What you are asked to do - Transcribe the full listing exactly, and drop every picture.

Information provided -
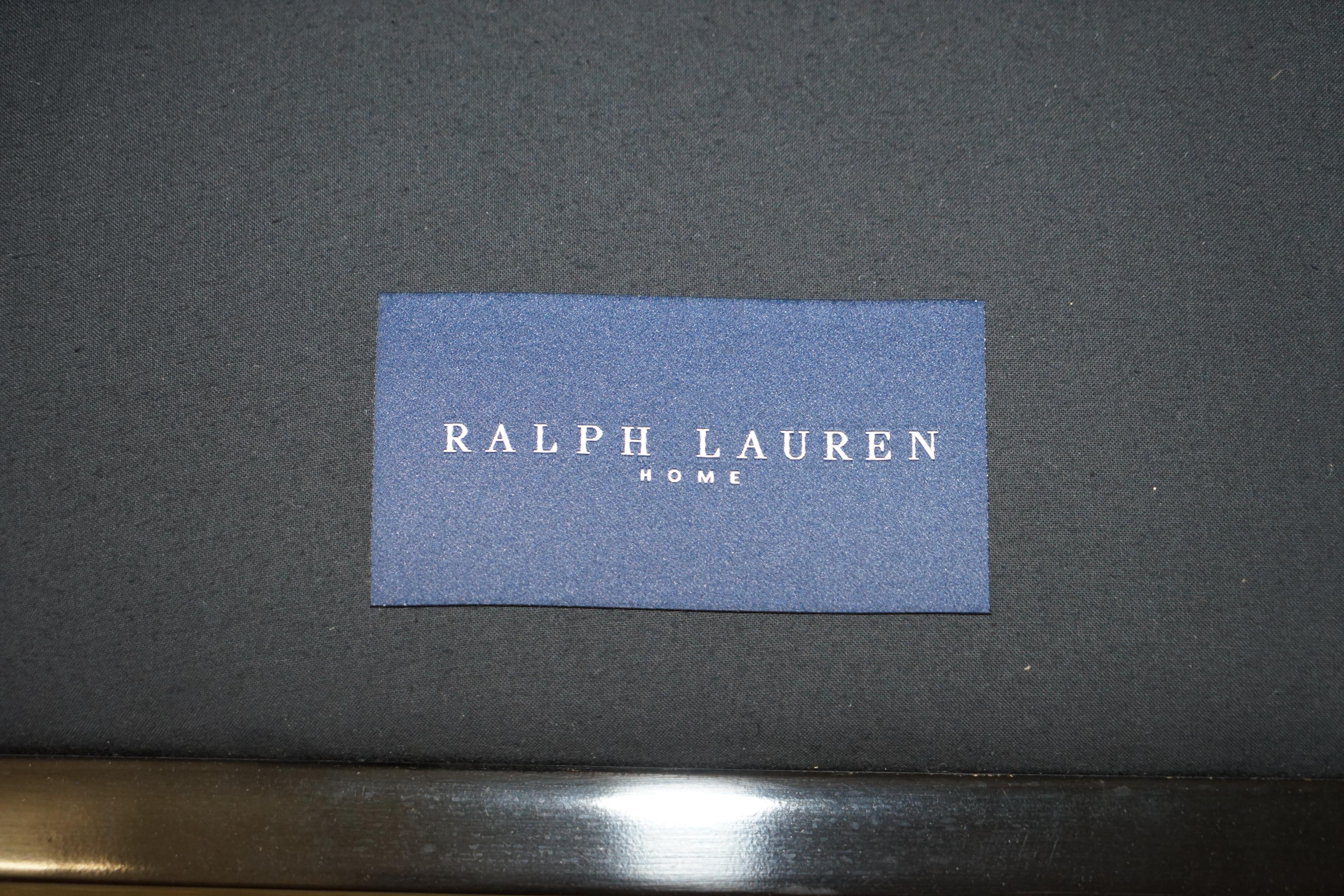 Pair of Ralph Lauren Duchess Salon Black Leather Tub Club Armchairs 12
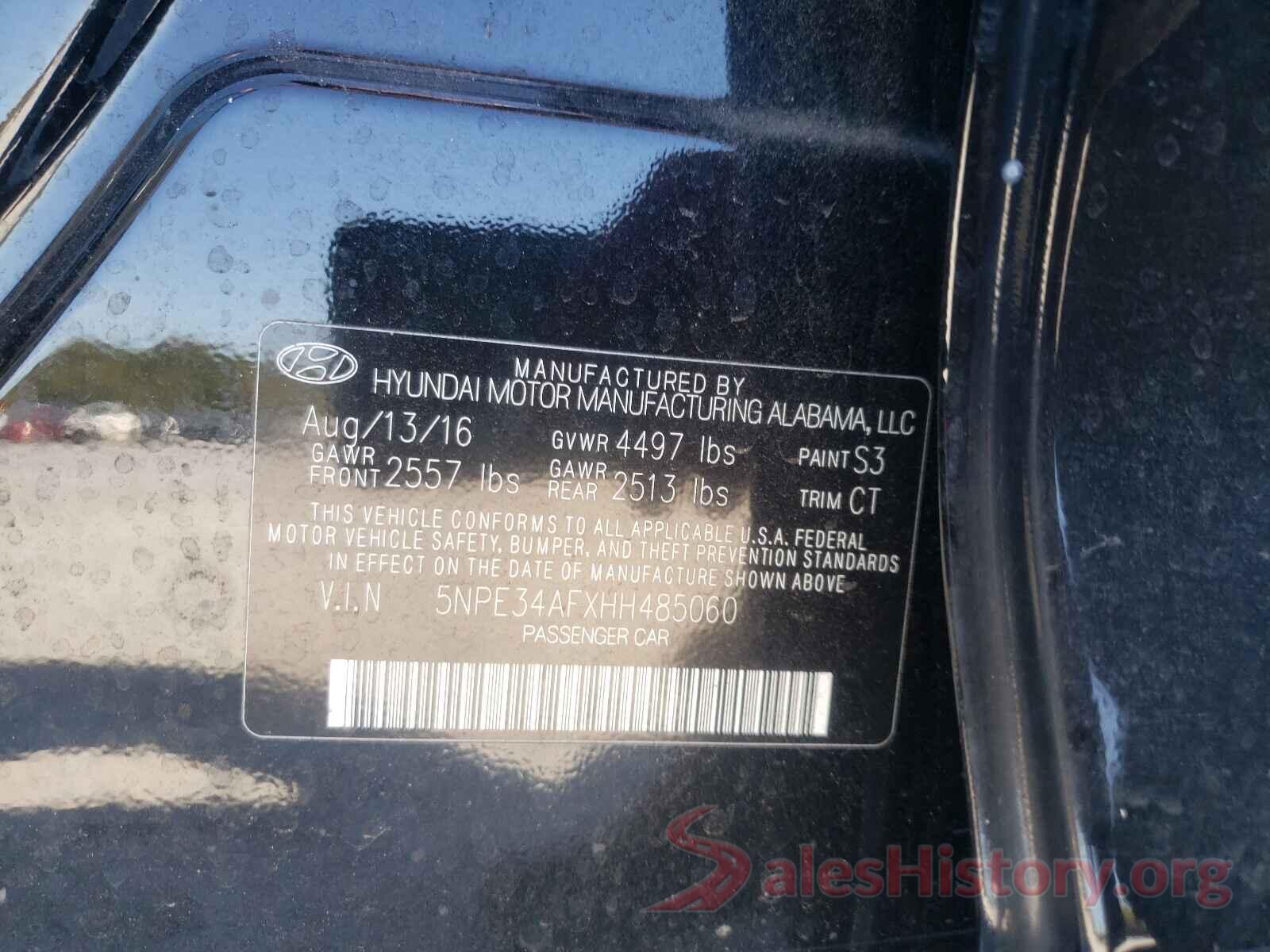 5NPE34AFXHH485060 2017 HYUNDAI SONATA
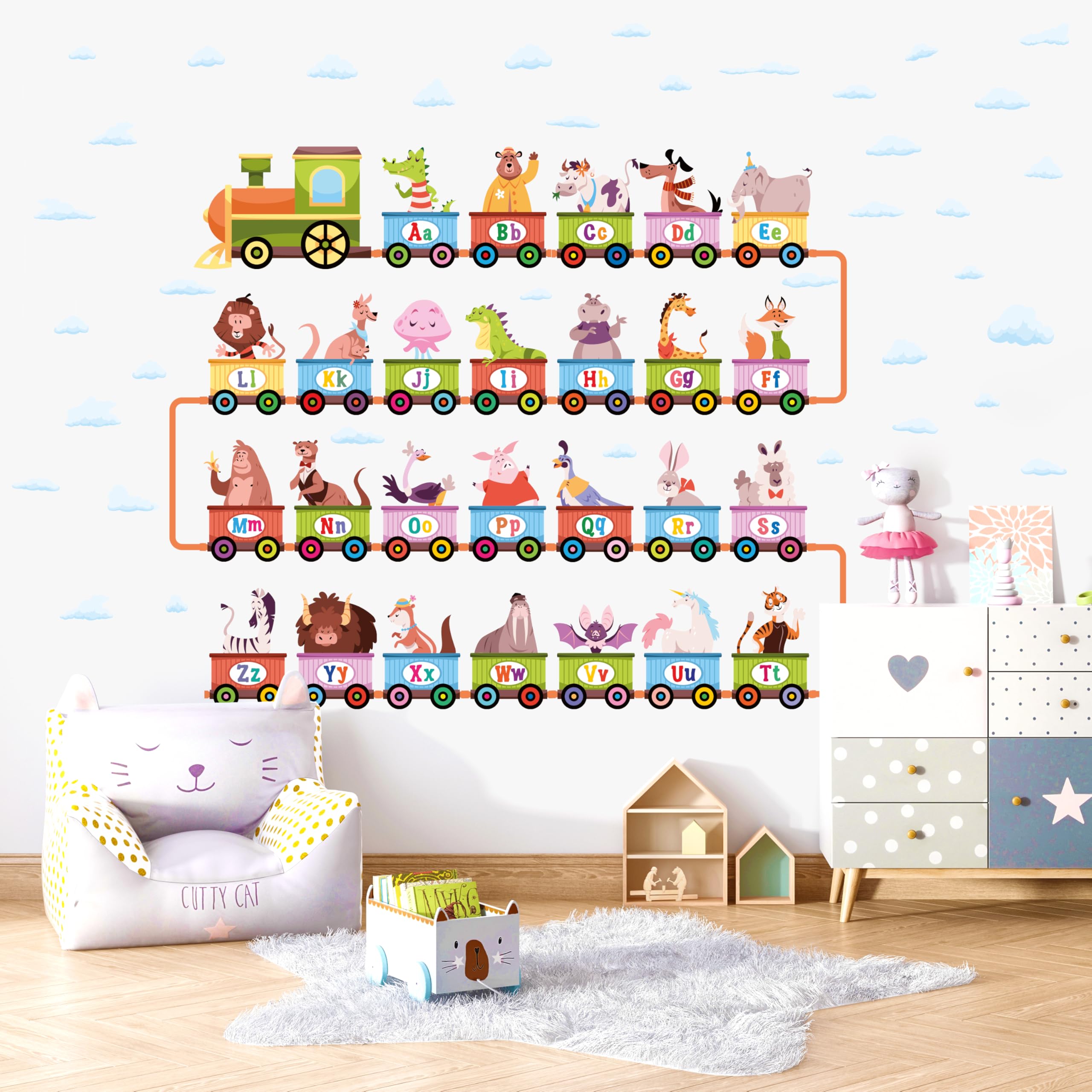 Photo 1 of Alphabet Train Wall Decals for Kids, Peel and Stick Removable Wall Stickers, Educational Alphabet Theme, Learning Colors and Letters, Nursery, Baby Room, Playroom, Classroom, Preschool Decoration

Exercise answer -
 Pair of Ralph Lauren Duchess Salon Black Leather Tub Club Armchairs 12
 5NPE34AFXHH485060 2017 HYUNDAI SONATA
 Photo 1 of Alphabet Train Wall Decals for Kids, Peel and Stick Removable Wall Stickers, Educational Alphabet Theme, Learning Colors and Letters, Nursery, Baby Room, Playroom, Classroom, Preschool Decoration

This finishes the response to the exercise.